Colby turned the corner. The neighborhood had changed. Many of the empty storefronts were now populated by ethnic restaurants, and he could see that there had been some effort to revitalize this gang-infested hellhole. Nice try, he thought, but no way this place was coming back.

But it would suit his needs for the next couple of weeks.

He approached a shuttered storefront and pressed the doorbell. Did this damned thing even work anymore? He glanced up and saw curtains rustling in the second-story apartment.

A wrinkled old woman’s face appeared, frozen in its perpetual scowl. Some things never changed. She pointed behind her, then disappeared. He walked down a narrow alleyway between the buildings, sidestepping two syringes and a condom as he made his way around to the well-hidden rear entrance. The door creaked open before he even reached it.

“Get in here. Get in here!”

Colby smiled as he stepped inside and closed the door behind him. “Don’t worry, Pamela. I didn’t let the germs inside.”

Pamela Gatlin lowered the surgical mask she held over her nose and mouth. She was in her late eighties, but she always looked the same—wrinkled, freckled, and no eyebrows. “Been awhile,” she said. “Wasn’t sure you were coming back.”

Poor ignorant Pamela, he thought, amused. Of course she had missed the news of his arrest, conviction, and execution. She had no phone, no TV, and read only her Bible day after day. The perfect caretaker.

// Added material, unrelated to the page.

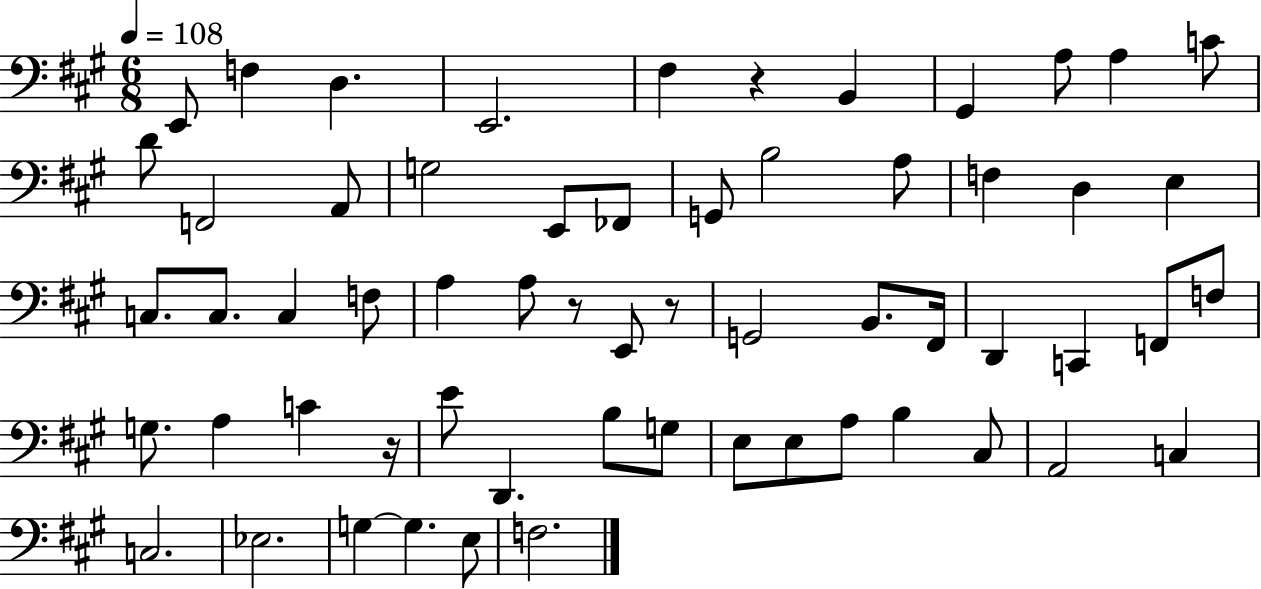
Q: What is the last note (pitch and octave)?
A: F3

“I told you I’d be back,” he said. “But I wasn’t sure you’d still be alive. I thought you might be decaying in that floral chair with flies buzzing around you.”

She cackled. “That’ll happen one day, but not anytime soon. I still got a lot of kick left in me.”

“I believe it.”

“When the time comes, you’ll take care of me. You promised.”

“Yes, I did. At the Ruiz Cemetery, next to your son.”

“Yes. That’s right.”

Never mind the plastic tub and jugs of hydrochloric acid that were waiting in the cellar for her, Colby thought. Where, he remembered with amusement, her arrogant son had actually endured his final, terrifying moments on Earth.

“You take care of me, Pamela, and I take care of you. That’s always been the deal.” He looked up the dark staircase that led to the upstairs apartment. “Everything okay here?”

“Yep. Guess you’ve been paying the utilities on time, ’cause they haven’t tried to shut anything off.”

“I’ve made arrangements. Everything will continue to be paid by the Euripides Trust until after you’re gone. Probably until after I’m gone. Has anyone been asking for me?”

“Not personally. I’ve had some people who’ve been asking for the owner, ’cause they want to buy the place. You never gave me a way to get hold of you, so I couldn’t even let you know.” She frowned. “You really ought to tell me your last name.”